Problem requirements
Please repeat exactly the lines from the one containing "دانلود انیمیشن Primal" through the last line of the records, both included, and nothing else, leaving out any pictures.

Pictures with short captions
------------------------------------------------------------
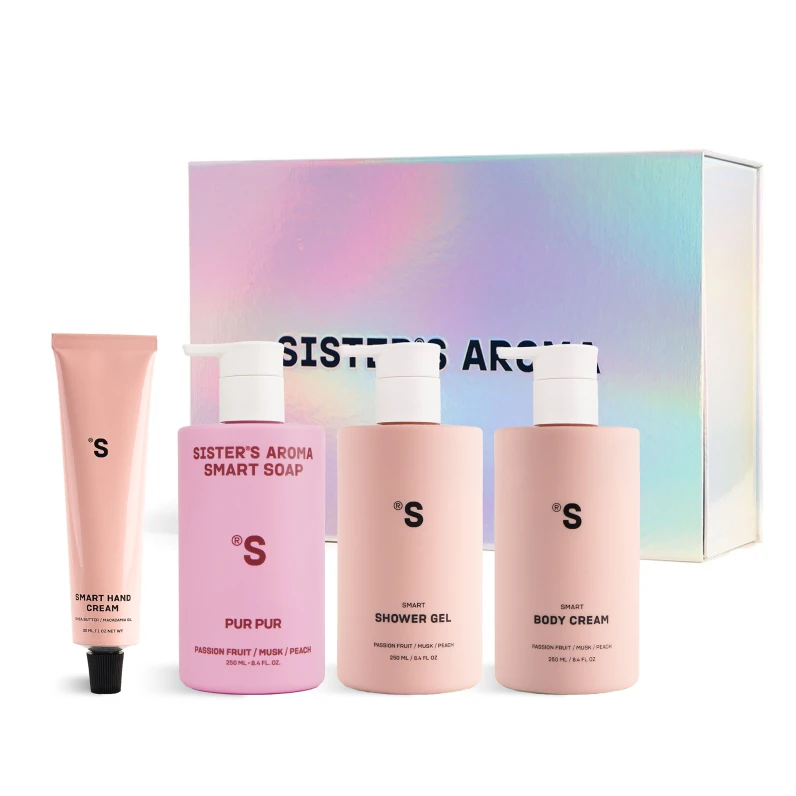 Подарочный набор «ЗАБОТА О НЕЙ»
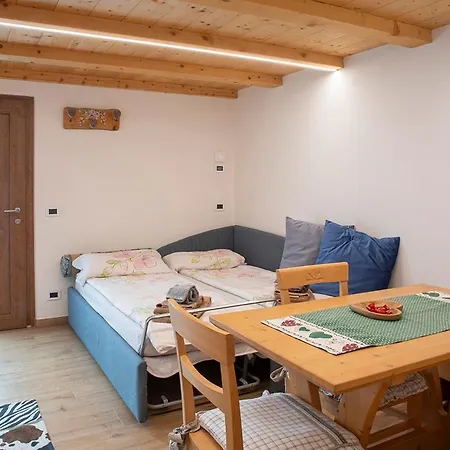 La Casa Di Bryan Appartement *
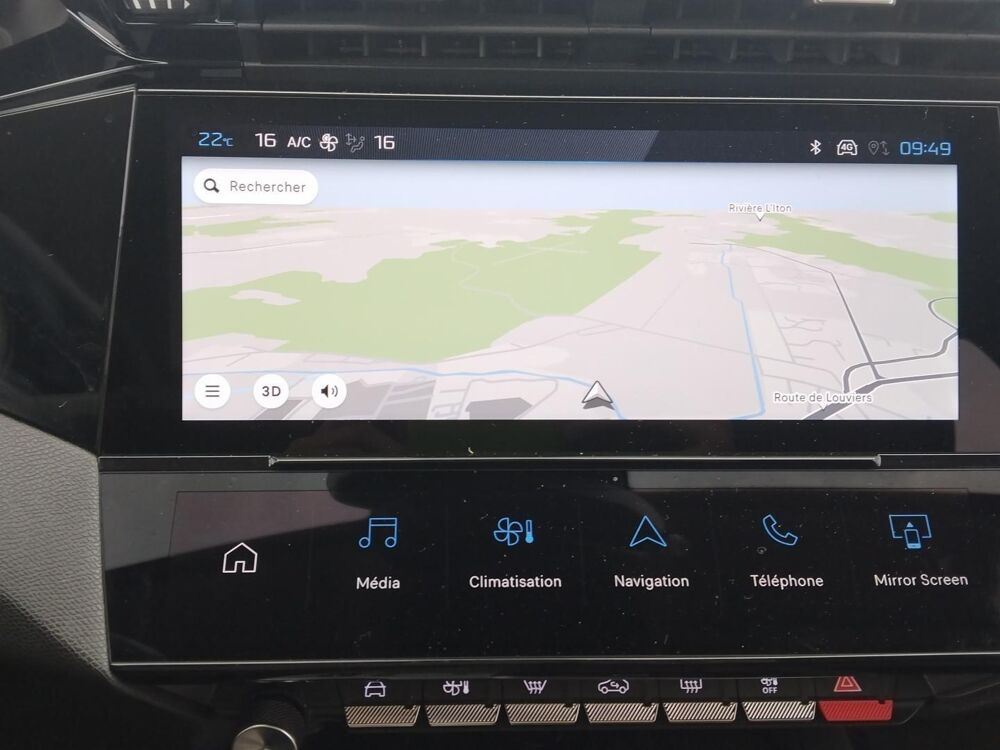408 Hybrid 145ch Allure e-DCS6 2025 occasion 27000 &Eacute;vreux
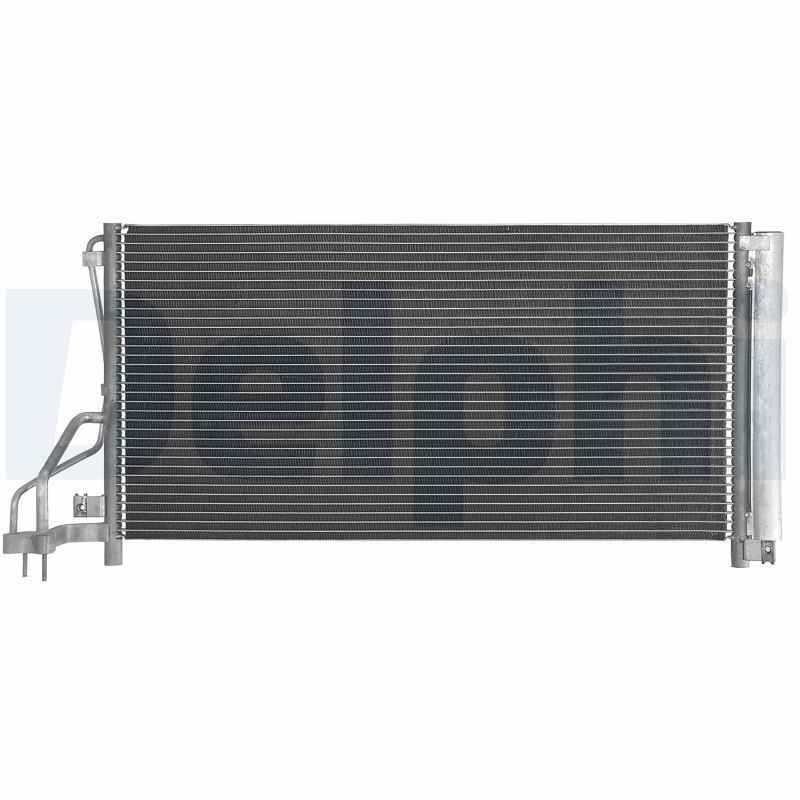 DELPHI CF20160-12B1 Condenser, air conditioning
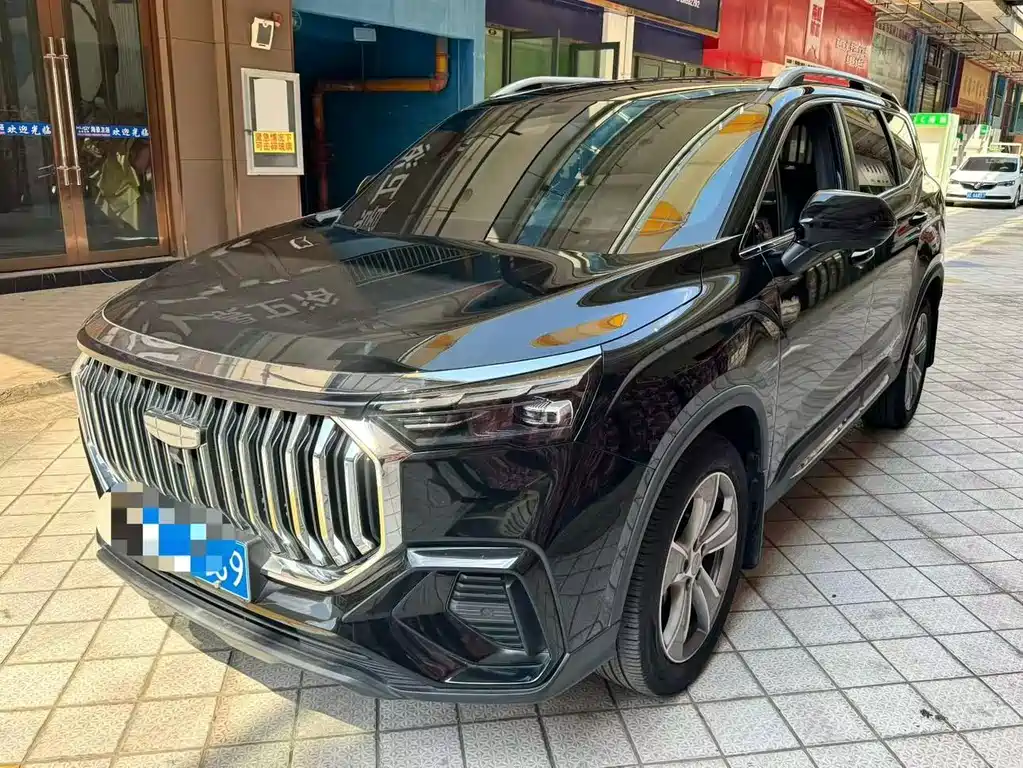 Geely Haoyue L 2023
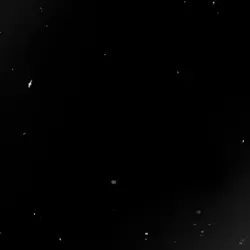 Granddad’s clothes.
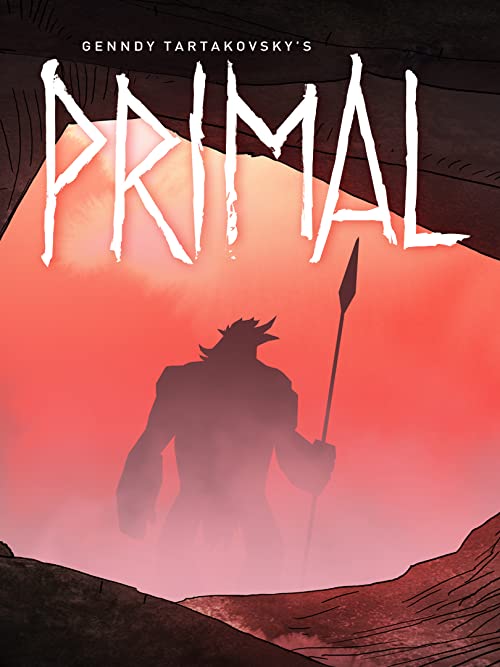 دانلود انیمیشن Primal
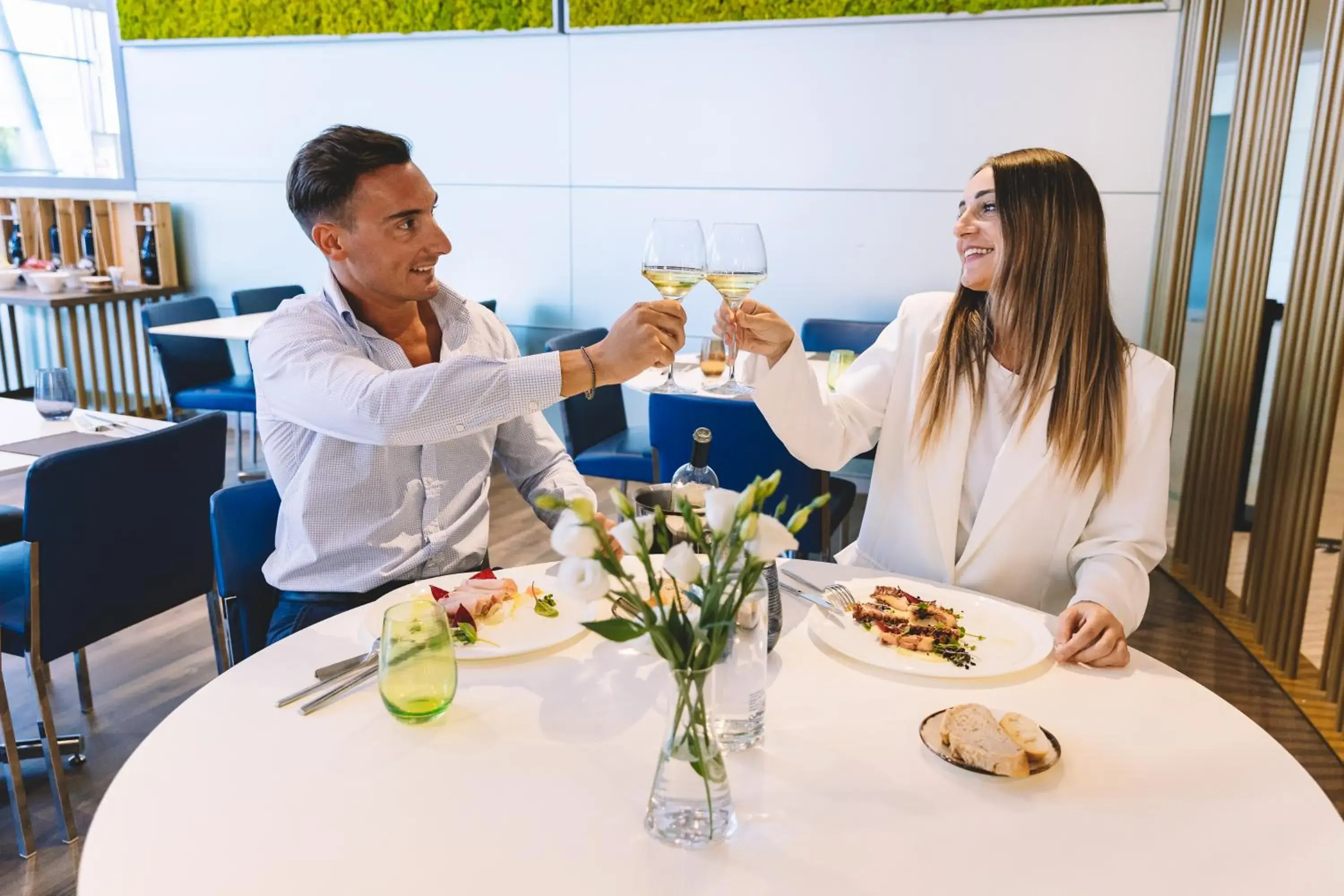 Restaurant/places to eat in Novotel Venezia Mestre Castellana Restaurant/places to eat in Novotel Venezia Mestre Castellana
------------------------------------------------------------
Response box
 دانلود انیمیشن Primal
 Restaurant/places to eat in Novotel Venezia Mestre Castellana Restaurant/places to eat in Novotel Venezia Mestre Castellana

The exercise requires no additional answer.